The most important part of this surgery—the very reason my son had to endure it—was to remove the tumor. That cluster of cells which was determined to take his young life has been successfully extracted, leaving behind scars—both visible and invisible—that have affected and changed all of us.
He’s now over a month removed from his surgery and I still do double takes when I walk into the room—forgetting for the briefest of moments that this is my son’s new condition and his new way of life. But he’s accepted the surgery (as well as his lot in life) with a great attitude. It’s just one more example of how resolute and resilient he’s been through all of this. Even when his parents have been wrecks, he’s stood strong, and his strength has helped his parents cope with this new normal.

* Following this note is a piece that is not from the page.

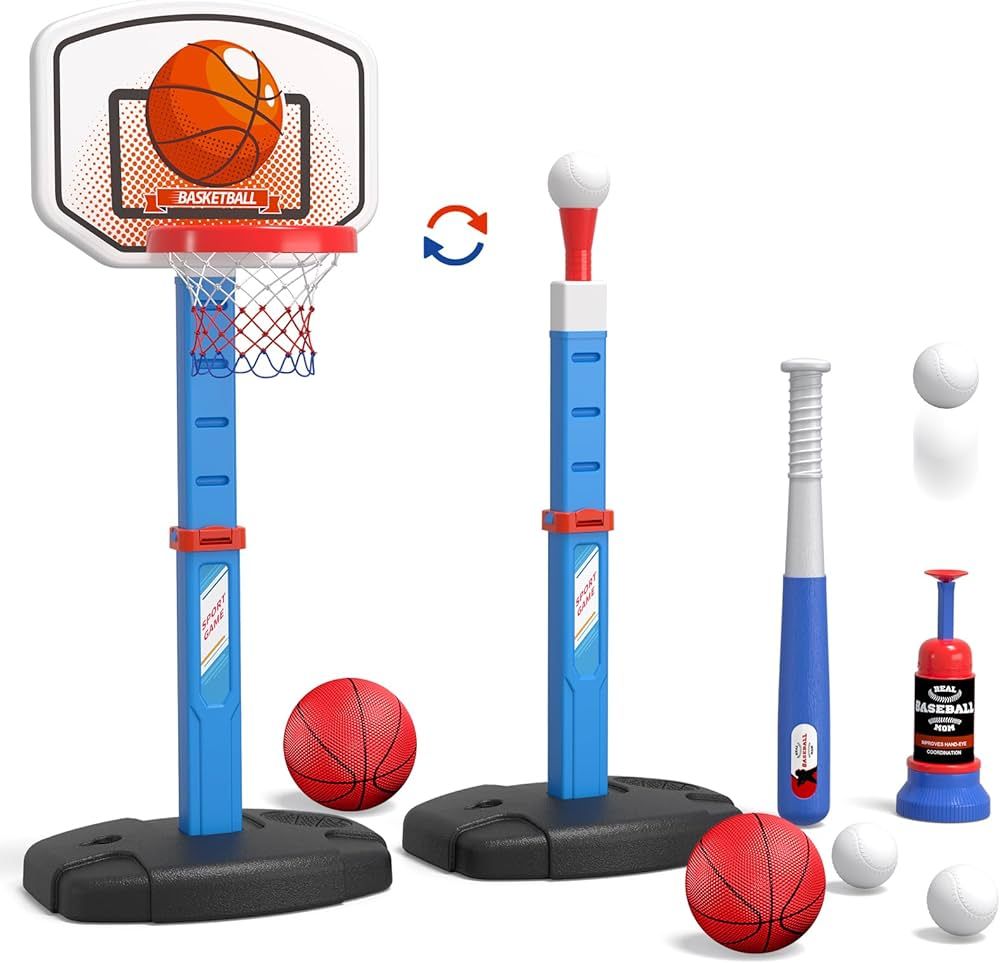 HYES 2 in 1 Kids Basketball Hoop and T Ball Set - Adjustable Height, Kids Baseball Tee with Autom... | Amazon (US)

We are so proud of our son — he’s been such an inspiration to all of us. And in spite of how his leg looks, he is perfect in the eyes of his mom and dad.
The next step in his unenviable journey is getting fitted for his prosthetic leg while continuing chemotherapy treatments. Being able to walk again (something he hasn’t done for nearly six months by the time he gets his new leg) will be a giant milestone. And before long, Lord willing, he will be up and running. When that day comes it will help to confirm that we made the right decision.
Until then, as the days go by, it becomes easier to accept what’s happened. And the feelings of regret aren’t as imposing as they once were. It helps that our little boy is wise beyond his years, and he assures his mom and dad that everything is fine, telling us he even likes his new backward leg. But I hope when he grows up he understands the decision we made was a gut-wrenching one. It was made only after weighing all the options, and it was accompanied with great anguish, trepidation, and fear—punctuated with occasional moments of regret.